The geographic entity has to contain the actual name of the person, so Virginia (Elizabeth I) or New York (Duke of York, James II) don’t count.
(I almost forgot: America - the continent - doesn’t count either )
I believe he also used the Latinized name “Americus” which wad a common affectation of the educated in those days. The continent being a land, was the feminized version ending in -a.
I think the Phillipines is probably the winner for any kind of geographic entity.
Just cruising down the list of most populous cities, there’s maybe some grey area on the whole “mythological” thing with Sao Paulo. Otherwise it would appear that Ho Chi Minh City is the current winner of cities named after people who definitely existed. The Turks completely lost their chance to claim that title by renaming Constantinople, but I guess that’s their business.
That’s not even the most populous place named for Bolivar. Bolivia has about 10 million people. Venezuela (officially the Bolivarian Republic of Venezuela) is just a smidge under 29 mil.

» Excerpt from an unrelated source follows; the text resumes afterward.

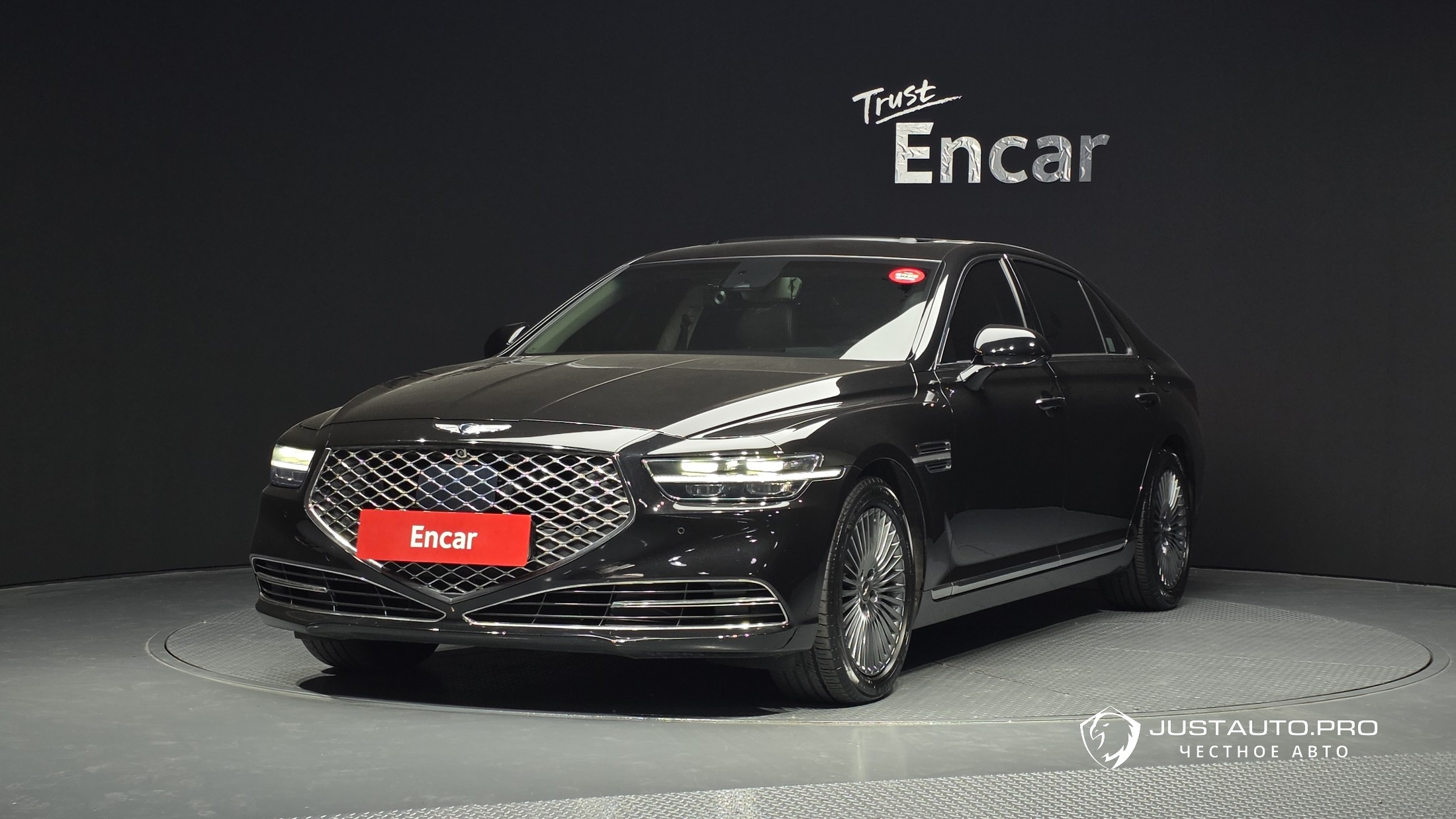 Автомобиль Genesis G90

I think that would fall under the same exclusion as New York, in that Chin/Qin was a landed title, not a family name.
Well, admittedly I’m not totally up on biblical historicity, but my impression is that there’s evidence he existed, but no particular evidence that he resembled the character in the gospels. I’d call him sort of semi-mythical. But YMMV.
In other words, Paul was certainly a historical figure, but São Paolo was named after the mythical figure inspired by the historical figure. The Philippines were named the historical figure, directly, and only indirectly for Saint Philip (in that that’s ultimately where King Philip got his name.)
I don’t think Bharat / Bharata counts, because the eponymous king is either legendary or mythical, depending on whether it’s an epithet of Agni or just some guy in the Rg Vega.
AFAIK, the generally/popularly understood idea is that it is the Bharat referred to in the Mahabharata, which still makes it legendary/mythical, just not either of the options you’ve listed. Your objection stands. (I thought he was historical, in my defence)
I think the Shi Huang part is the “first emperor” bit, with Qin being the title he held by virtue of being in charge of the state of Qin. But, hey, he sometimes posts here so maybe we can ask him.
You may be thinking of Jesus: this is what some people say about Jesus. Paul, on the other hand, is not a character in the gospels at all. He does appear in the book of Acts, and perhaps more importantly, the New Testament includes a number of letters written by Paul. (Some of these letters are disputed by Biblical scholars, but as far as I know there’s no one who seriously claims that Paul never existed or that he never wrote at least some of the letters attributed to him.)
I’m still not sure why (North/South/Central) America shouldn’t count, but if it did, it’d be hard to beat.